Material shown:
┌──
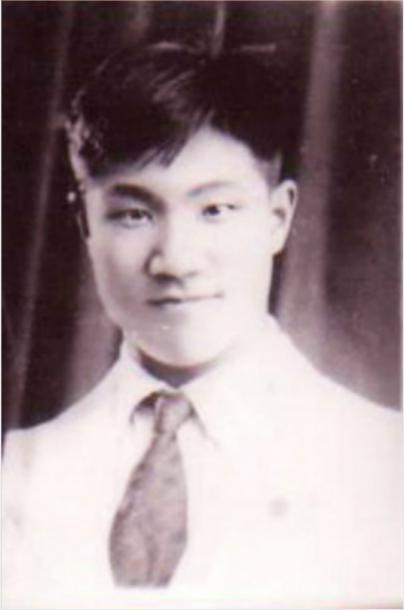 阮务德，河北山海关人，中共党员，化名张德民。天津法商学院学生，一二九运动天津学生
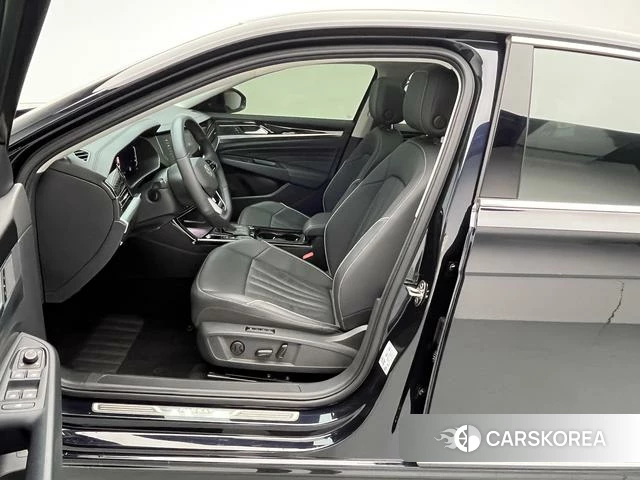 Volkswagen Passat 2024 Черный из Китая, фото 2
└──
┌──
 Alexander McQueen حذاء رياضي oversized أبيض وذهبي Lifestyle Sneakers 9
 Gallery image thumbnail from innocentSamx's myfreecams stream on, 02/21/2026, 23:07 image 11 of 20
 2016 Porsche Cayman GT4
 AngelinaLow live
└──
How to complete this task: Each line above that falls between the line with "阮务德，河北山海关人，中共党" and the line with "Volkswagen Passat 2024" should be printed exactly, together with those two lines, but the pictures should not.

Answer space:
 阮务德，河北山海关人，中共党员，化名张德民。天津法商学院学生，一二九运动天津学生
 Volkswagen Passat 2024 Черный из Китая, фото 2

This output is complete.